# Data in this exercise
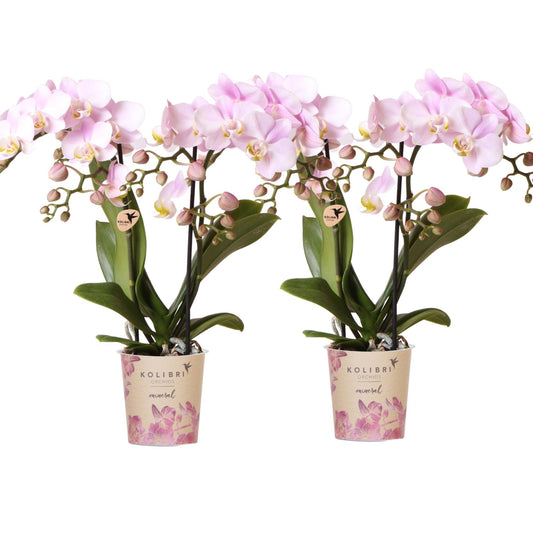 Kolibri Orchids | KOMBI-ANGEBOT mit 4 Phalaenopsis-Orchideen - Portugal - Topfgröße Ø9cm | Blühende Zimmerpflanze - Frisch vom Züchter 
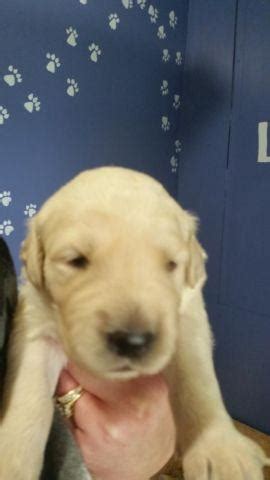 Akc golden retriever puppies $0 (ftd) pic hide this posting restore restore this posting. Golden Retriever Puppies Part English Cream for Sale in ...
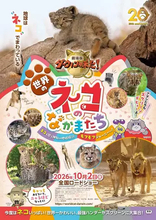 NHK「ダーウィンが来た！」放送20周年に映画化　主役は世界のネコ科動物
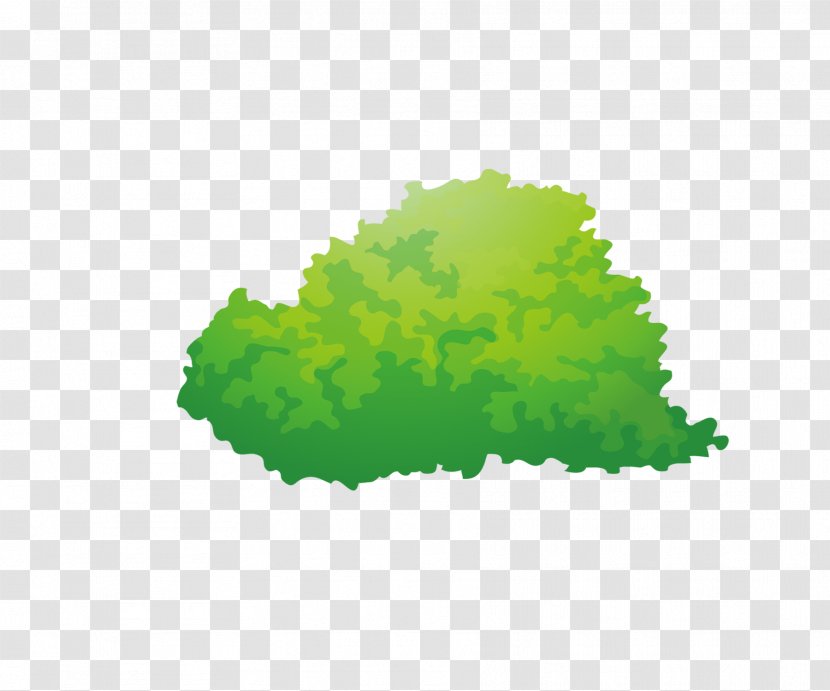 Leaf Green - Color - Grass Transparent PNG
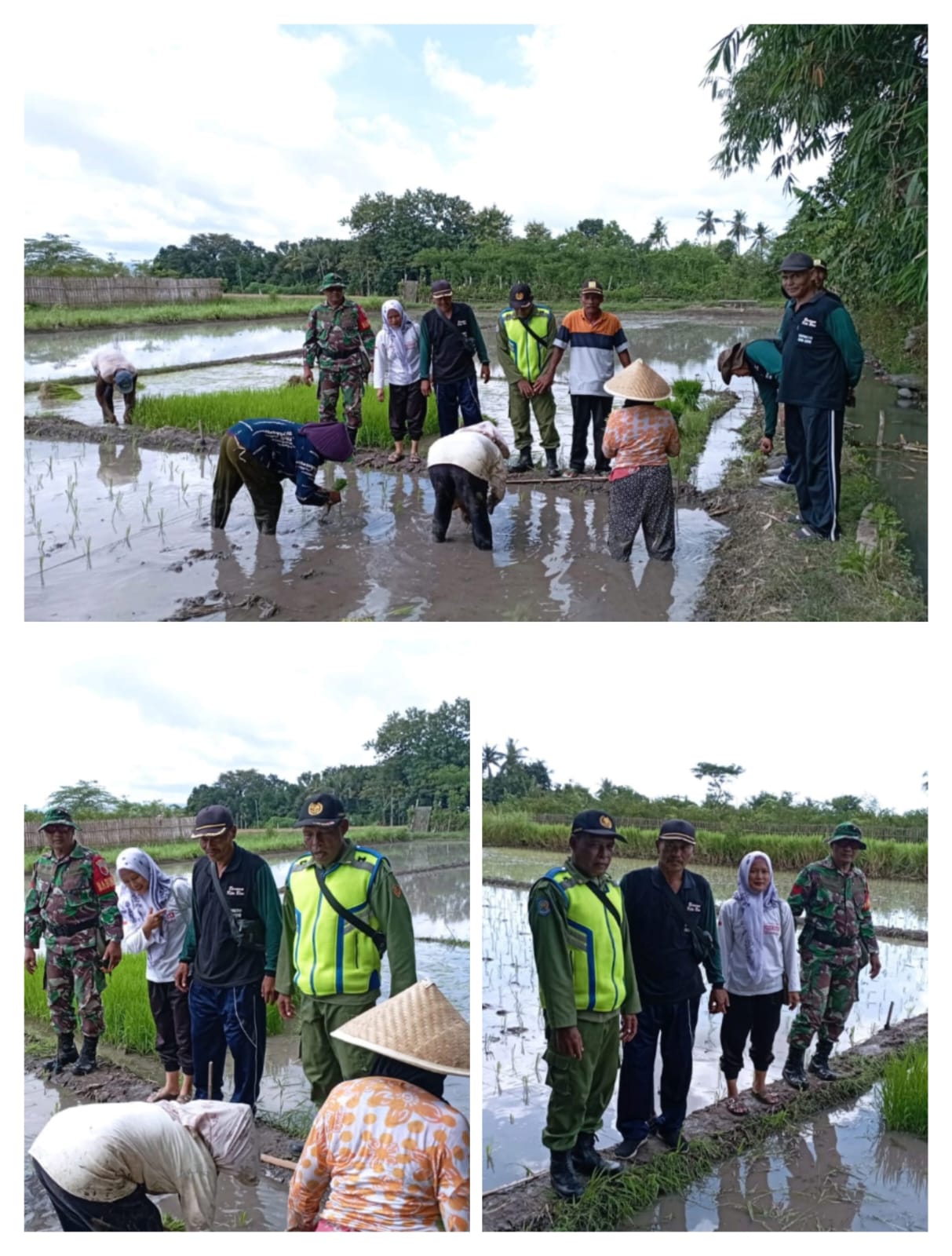 Babinsa Koramil 0825/09 Tegaldlimo, Bersinergi Dengan PPL dan Petani, Pacu Luas Tambah Tanam di Desa Kedunggebang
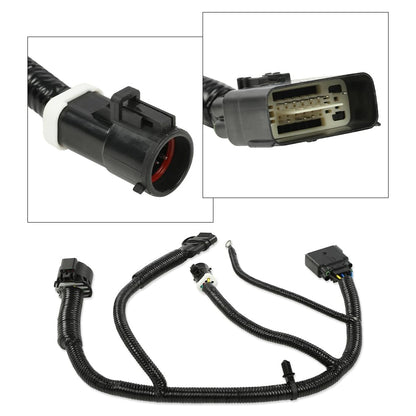 G-PLUS 7 Pin Trailer Tow Harness Compatible with Ford F150 2005-2008/ Compatible with Lincoln Mark LT 2006-2008 5L3Z13A576BA Tow Hitch Wiring Harness Connector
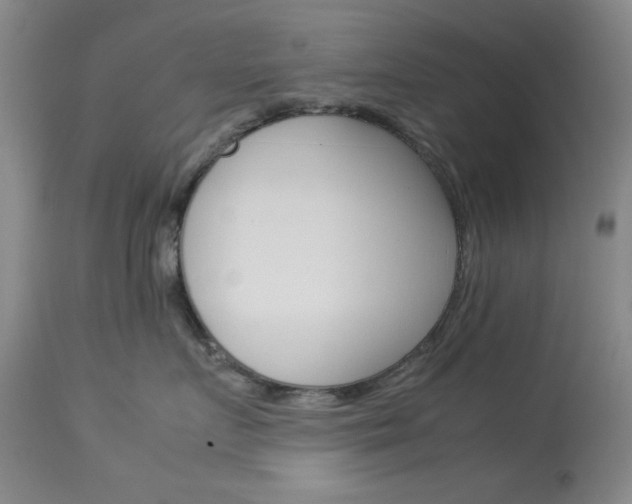 X0000114010719200910020952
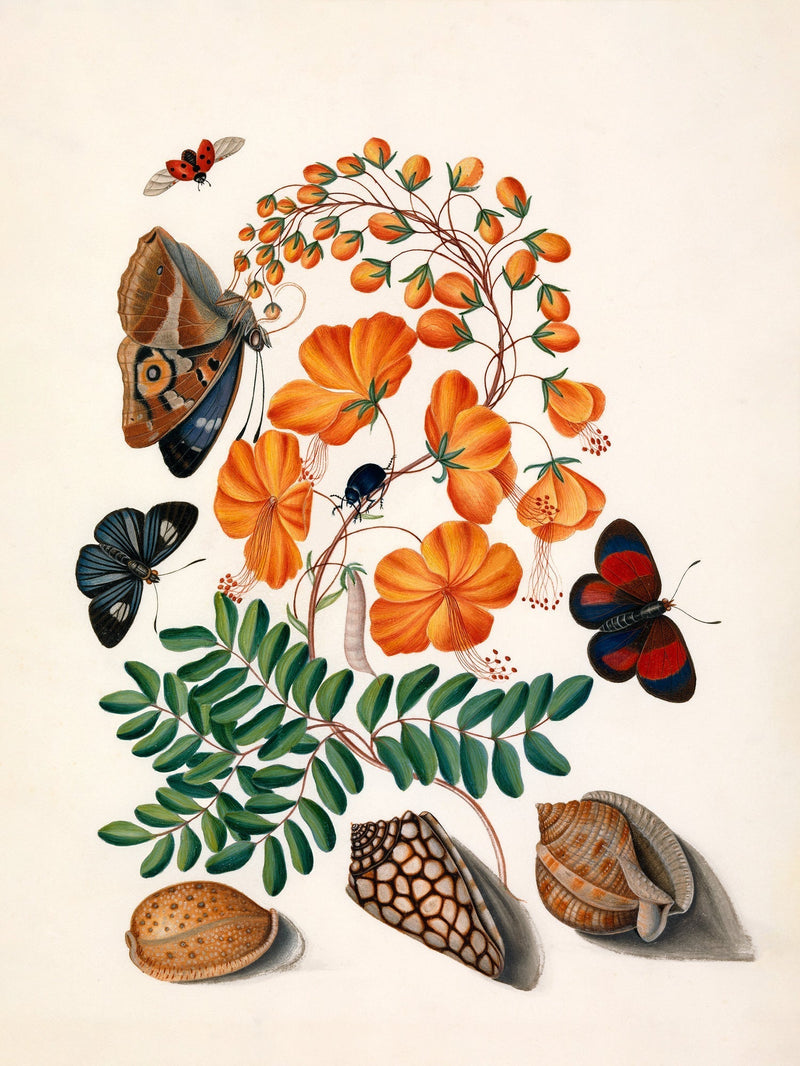 Two Butterflies, Orange Flower & Seashells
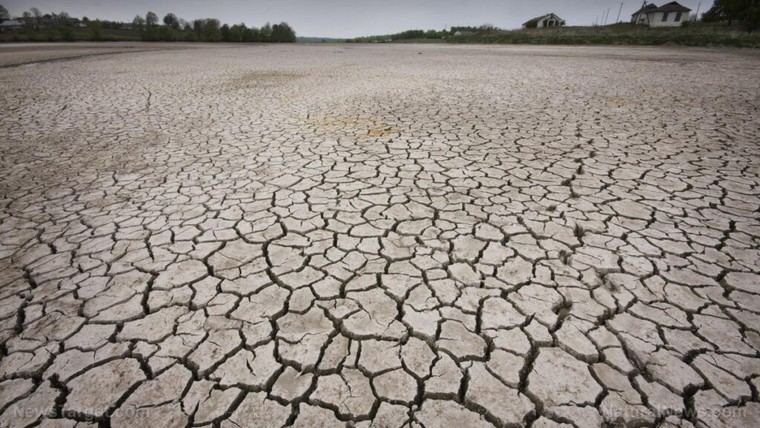 AI Data Centers in Texas Consume Water Amid Drought Restrictions for Residents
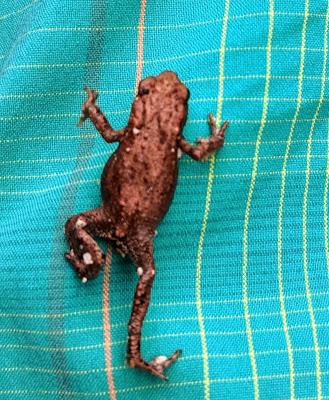En bonne compagnie sylvestre à Mittenwald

# Problem
Retyped exactly, the lines from the one holding "AI Data Centers" through the last line of the data above are the whole answer. Pictures stay out.

# Problem solution
 AI Data Centers in Texas Consume Water Amid Drought Restrictions for Residents
En bonne compagnie sylvestre à Mittenwald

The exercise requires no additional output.